For human beings, nothing can replace water and drinking water has always been in demand with the increasing population. Though, water covers around two-thirds of the earth's surface but water is still a scarce resource as only 1% of world's water is available as drinking water. With due availability of land and air all around, civilizations before have always moved/expanded in search of required drinking water.
Drinking water based on water cycle of earth (ocean-heat evaporation-cloud-rain-ocean) and then available from natural resources on earth is dwindling with time due to many reasons along with increasing population. People have already shifted to the use of smart technologies to transport, clean, uplift drinking water from other different sources but all these water resource technologies have their own geographic region specific limitations in general and for hilly and desert regions in particular. Earth’s atmosphere holds six times more fresh water than all of its rivers combined, so, if it is possible technologically to harvest that water, in areas where people have no other fresh water source, can prove to be a wonder. Atmospheric water extracting devices extract potable water from the air, either through condensation, exposing the air to desiccants (water-absorbing substances), or by pressurizing the air. With the development of science and technology, scientists and engineers are proposing different technologies to extract water from thin air (from fog) which will help people in getting enough drinking water at location specific with low cost.

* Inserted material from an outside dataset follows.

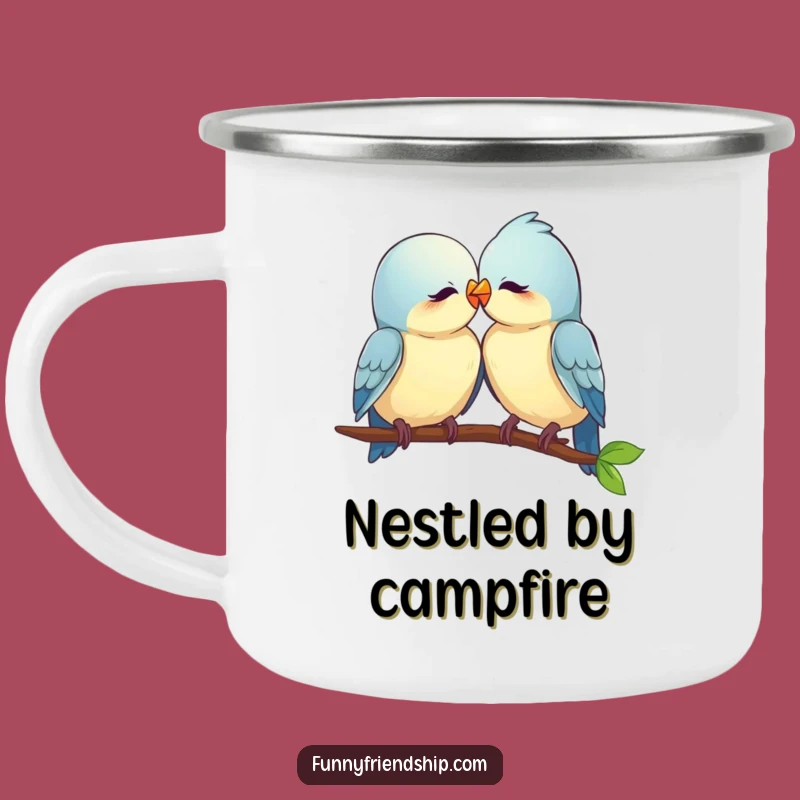 Funny Love Birds Camping Mug: Sweet Sips Outdoors - A Durable and Funny Gift!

There are four main methods for extracting water from the atmosphere:
- Fog nets: setting up physical nets in humid environments to collect the water in the air
- Dew plates: using temperature differences to encourage water to condense on metal plates
- Sorbents: using chemicals to absorb water from the air, and then heating the material to extract the water
- Membranes: using vapor-selective membranes that extract water as air passes over them
This article will briefly present some of the emerging technologies proposed and being used also in many places to extract water from thin air.
Fog collector/Fog net:
A fog collector looks similar to the boundary nets used to stop errant balls on the edges of sports fields. The fog net is a multilayered mesh designed to attract and accumulate the water particles in places where ocean-born fog is common. These are made of food-safe materials (metals/fabricks) nets, are quick and easy to install while requiring no maintenance, are carbon-neutral as they are operated without energy producing high-quality drinking water and can provide water for agriculture and forestry. Fog is simply a cloud that touches the ground when
warm, damp air cools (called condensation). Fog is very common both in coastal regions and mountainous areas. Wind drives the fog into the vertically suspended nets. The droplets are caught in the 3D mesh and merge into larger drops, which then fall into the collecting trough below. From there the fog water is piped into a reservoir. The amounts yielded per fog-day differ according to region and season. A fog collector can also be a very good rain collector, because, wind-blown rain always falls at an angle on the nets. Each project begins with a study to determine whether conditions on site are suitable for fog harvesting. Fog collectors have been erected in Africa, South America and Germany. The goal is to continuously improve, develop and use fog net technology even further.
Scientists are developing an entirely different fog collection strategy modeled after the Stenocara beetle of the Namib Desert. When the fog sweeps in, the dime-sized Stenocara beetle clambers up the dunes, sticks his rear end into the air and faces his back to the fog. The configuration of hydrophilic (water-loving)
bumps and hydrophobic (water-repellent) troughs between the bumps. Scientists are developing an entirely different fog collection strategy modeled after the Stenocara beetle of the Namib Desert. When the fog sweeps in, the dime-sized Stenocara beetle clambers up the dunes, sticks his rear end into the air and faces his back to the fog. The configuration of hydrophilic (water-loving) bumps and hydrophobic (water-repellent) troughs between the bumps on his shell collect the moisture and channel water droplets right into the beetle’s mouth. Inspired by nature’s design, scientists have invented a synthetic surface using a combination of chemistry and structure. The surface is composed of two polymer layers: the top is hydrophilic, while the bottom is hydrophobic, which makes water droplets detach as soon as they get large enough. Prototypes have shown that this technology is several times more productive than mesh harvesting methods and could be scaled up to work in urban environments.
Atmospheric water generator (AWG)
An example of a forced condenser-type system, this device works similarly to an air conditioner. To date, these devices have been installed in homes, offices, ranches, and other buildings to dehumidify the air, extract water vapor, and then filter it ready for drinking. According to the manufacturer, the device works by drawing air "through a series of condensing coils, where water vapor is cooled down sufficiently to reach the dew point.
This converts water vapor into droplets." Each unit then passes the air, and water, through a series of specially patented extraction chambers that have a range of features to further force water condensation. Any and all liquid water is then filtered for potential contaminants (like pathogens, pollen, etc) and then collected in a special storage tank ready for tapping. The device works best in areas with high humidity, like foggy areas or coastlines, and, depending on the size of the unit, it is capable of producing between 200 and 1,900 gallons (900 and 8,600 liters) of water a day. Sadly, these devices are not cheap and the unit also consumes a lot of power. However, different AWGs based on useful technologies are on development process, which will be more economical and energy-efficient.